Tips for project leads managing relationships with their implementation, software, and change management partners.

Smiling woman wearing patterned cat‑eye glasses faces the camera; long straight blonde hair and a delicate necklace visible, striped tank top, black-and-white studio portrait on a plain white background. Brandee Fantini – Principal

Every member of the project team has a role to play in driving change, readying people, and creating the environment for successful implementation. In your role as project lead, you have a lot on your plate: delivering a solution that works, budget and time constraints, the engagement and wellness of the project team, engaging the business, adapting plans to new requirements and constraints, and keeping executives in the loop. You have overall responsibility for managing relationships with your implementation, software, and change management partners. Doing so well means creating a cohesive team across multiple functions and lines of business.
Dan Clark, Oracle Project Lead, PPG Industries, Inc., provides this guidance:

“When issues arise, escalate early and often. Don’t have more than a couple of meetings on any subject because spinning on decisions wastes time and money. Make a decision and move on.”

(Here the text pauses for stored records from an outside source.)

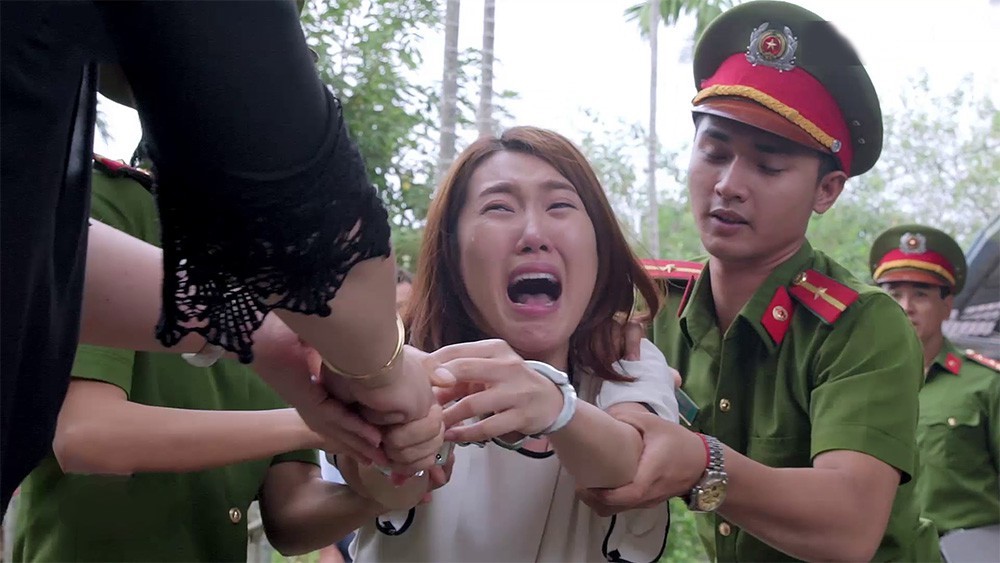 Gạo nếp gạo tẻ tập 79: Con gái Hồng Vân bị mẹ chồng vu khống tội ăn cắp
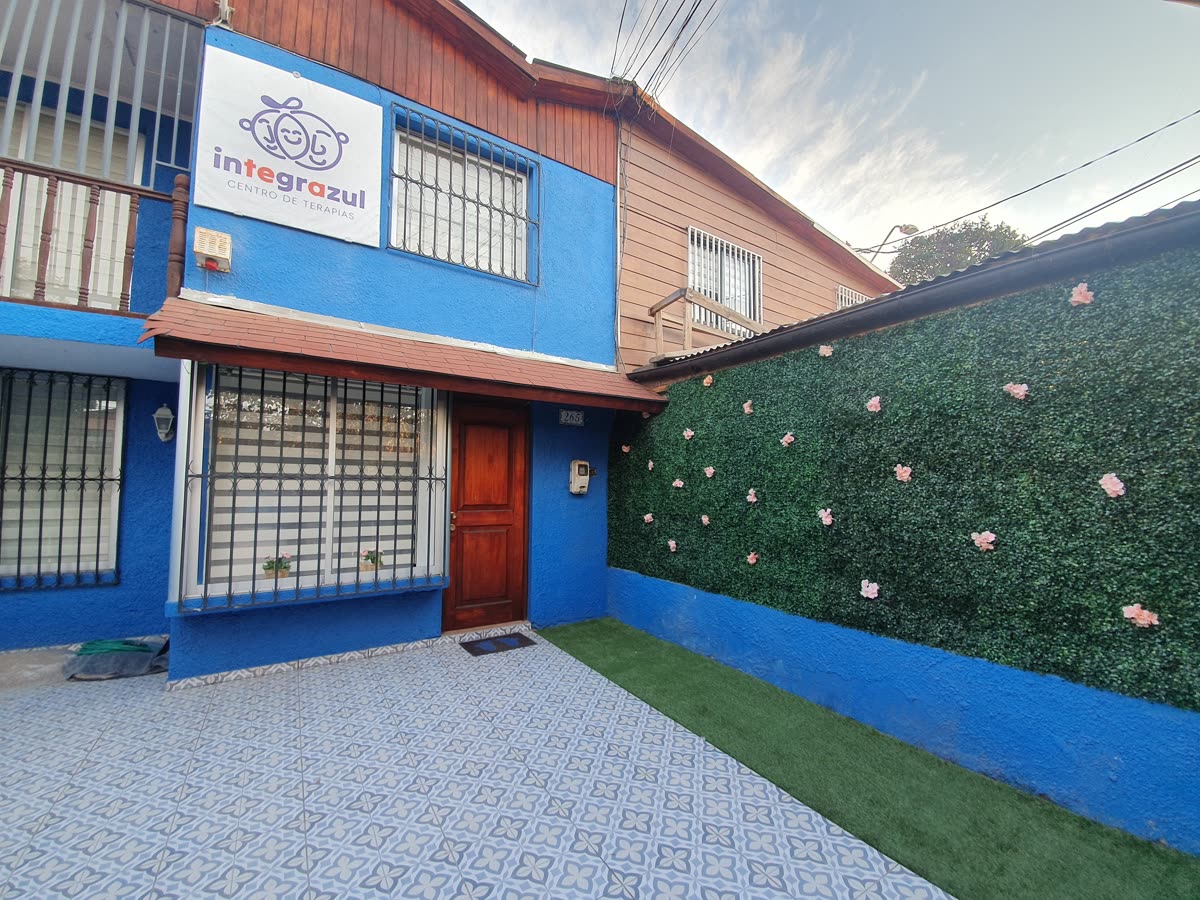 Fachada del Centro Integrazul en San Bernardo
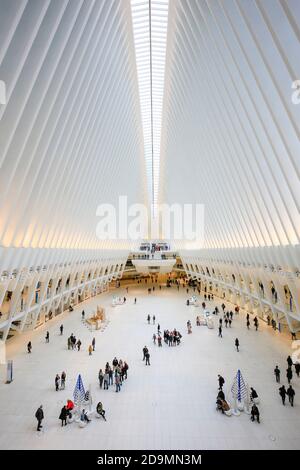 New York City, New York, Vereinigte Staaten von Amerika - Menschen im Oculus, Haupthalle der U-Bahn-Station mit Einkaufszentrum, World Trade Center, Transportation Hub, WTC, Architekt Santiago Calatrava, Manhattan. Stockfoto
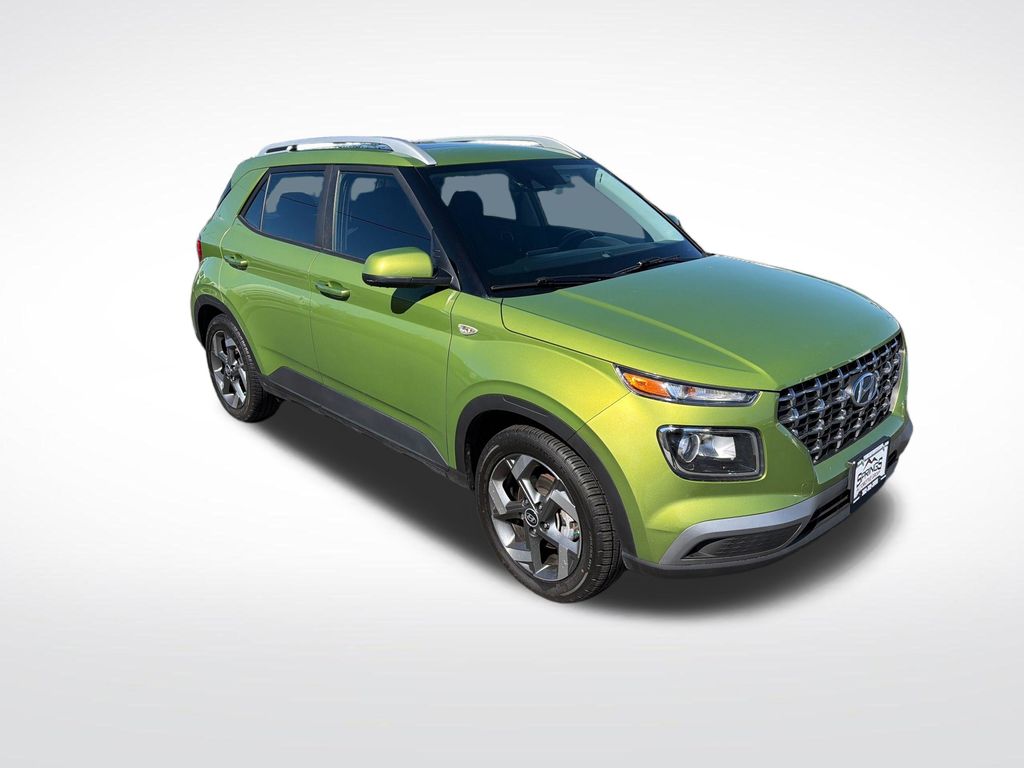 2022 Hyundai Venue SEL Image 3 of 23
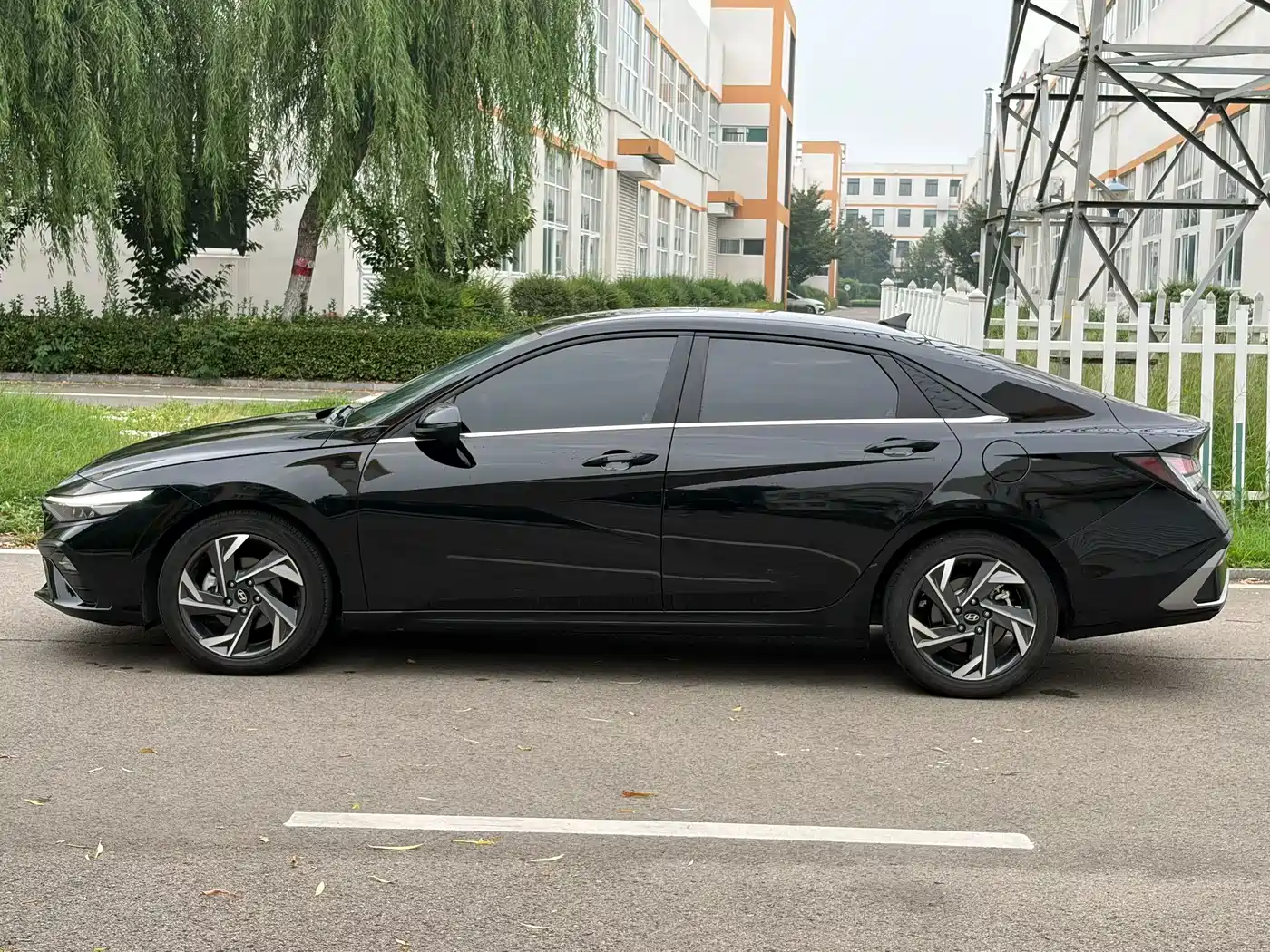 Hyundai Elantra 2025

Value of change management to project leads

It might be misleading to say that all these responsibilities are easier with an experienced change management team leading people readiness for your system implementation. But it is completely fair to say that your effectiveness in driving these outcomes is greatly enhanced by engaging an experienced change team to help you:

  • Build a trust-based, cohesive team that works together effectively and efficiently.
  • Drive engagement of the project team and mitigate issues or overwork risks (knowing when to adjust timeline, request more resources, reduce scope, etc.).
  • Identify and address issues with the solution and/or system by working closely with future end users who know what will and won’t work.
  • Organize and facilitate team-building activities to build trust, engagement, and commitment.
  • Work directly with super users, leaders, and future end users at sites and business units to prepare them for upcoming changes (at a much more granular level than you’d be able to reach without them).
  • Understand and mitigate prioritization issues that come from executive leaders asking frontline leaders to deliver results that conflict with your project resourcing needs.
  • Balance competing demands on super user and workstream/process leaders’ time to ensure system and people readiness are both adequately resourced.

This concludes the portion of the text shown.